The Rumble of Encouragement

Do you hear it?  I'm pretty sure that is the rumble of my life falling apart and landing in heaps all around me.  Yep the last few weeks I've been juggling with the pieces of my world, trying to see how many I can throw up in the air and still catch.  I thought the rumble was the result of not enough hands.

When my mother began telling me how weak she felt, I hadn't paid more attention than normal.  My mother has had kidney disease all my adult life.  But when the weeks passed and she couldn't eat and she couldn't stay awake...alarms were going off inside my heart.

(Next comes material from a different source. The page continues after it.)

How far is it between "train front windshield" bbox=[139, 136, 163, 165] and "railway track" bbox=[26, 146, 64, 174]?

By the following week, I got a text from my sister.  "I just called 911!"  Mom has struggled with only part of one kidney for... EVER.  If only insurance didn't control medical care, she would've had dialysis about once a month for the last 10 years.  But insurance won't let you have dialysis unless you need it three times per week.  Who cares if there are special cases.  Coverage is based off of statistics, they do not care about actual human beings.  I'm sure most of us wonder when doctors no longer got to diagnose patients and decide on their treatment.  Now, nurses who work for the insurance companies decide the patients fate over the phone.  Based of course, off statistical probabilities of best outcomes.  It might sound good to your pocket book, but I promise you when it's a loved one, all the sudden you aren't as concerned about those statistics.  As Charles Dickens wrote,

“If they would rather die,” said Scrooge, “they had better do it, and decrease the surplus population.”

As the days wore on, I struggled with the truth that I should be with her.  I want so much to be with her.  But there is no one to care for my son, my 27 year old son with autism.  My oldest daughter graciously stepped in and kept him for most the morning, and my sister in law kept him all the afternoon.  My husband closed our business so I could go.  It really takes a village.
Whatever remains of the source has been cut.